I’m a big fan of old movies – the good stuff from the thirties, forties and fifties. For all the visual effects and lavish details of today’s movies they lack the character of those old films, just as today’s movie stars don’t stand up to the likes of Clark Gable, Errol Flynn or John Wayne…
or Jimmy Stewart.
Portland is blessed with an excellent library system, and they have a pretty good selection of classic films on DVD, so once a week or so I’ll pick one up. Apparently, I’m not the only old movie buff, because the shelf selection is usually pretty thin, which means there’s generally only one or two old movies available. This week, when I went in to drop off my ballot, by pure coincidence, it happened to be “Mr. Smith Goes to Washington.”
For those of you unfamiliar with the film, it stars Jimmy Stewart and was directed by Frank Capra. Stewart plays Jefferson Smith, an honest and patriotic, but naive man who is appointed by the machine politicians of his state to fill out the remaining two months of a deceased Senator’s term. Smith/Stewart is chose because the machine politicians feel he will be easy to control and will vote their way on a graft filled appropriations bill from which they will all profit. Smith surprises them when he discovers the graft and wages a one man war in the Senate against his state’s political machine. The machine whips up some fraudulent evidence of corruption against Smith and spreads it around the state via their network of friendly newspapers. Smith is almost expelled from the Senate in disgrace before his state’s other Senator, the man who has been leading the fight against him, has a change of heart, narrowly misses blowing his brains out in the hall outside the Senate chambers and then runs onto the floor of the Senate, confessing all in the inevitable breakdown and act of repentance.

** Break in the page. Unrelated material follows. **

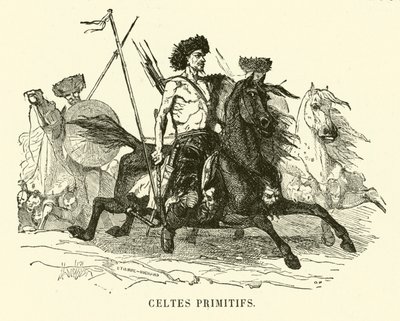 Primitieve Keltische krijgers door European School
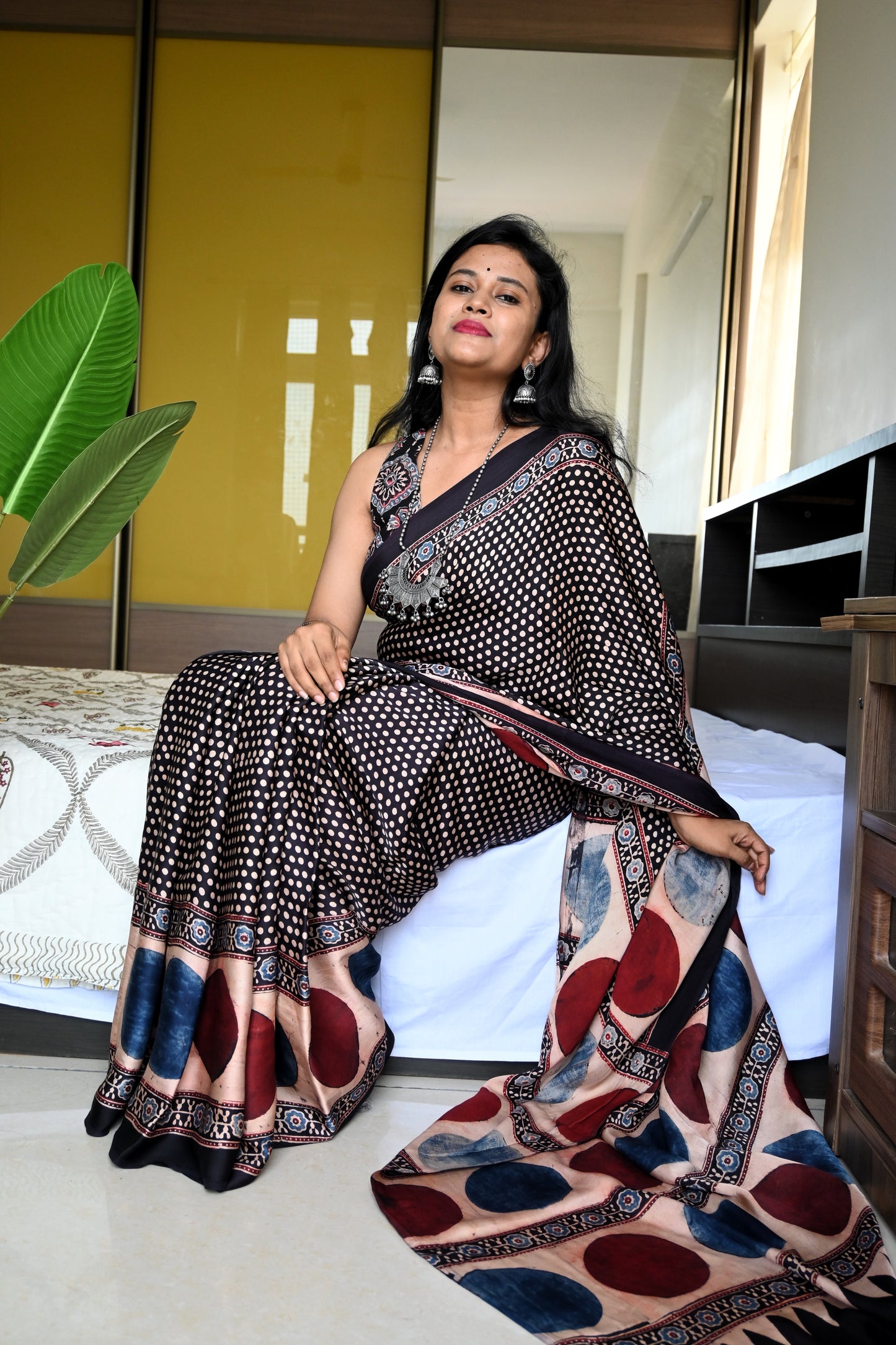 Pure modal silk saree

But life isn’t like an old movie, at least not in Oregon. Here, when the machine tries to put one over on the people, they put one over and laugh all the way to the bank. The end justifies the means, except that the end is almost as reprehensible as the means. No law is too clear cut for a judiciary to bend to their desired political outcome, no right so fundamental as not to be subject to abolishment and no law passed by the people above repeal by the legislature by means of lies, deceit, trickery and naked abuse of power. In our politics, the bad guys never fess up, never repent, they just rise to the top of the Democrat party.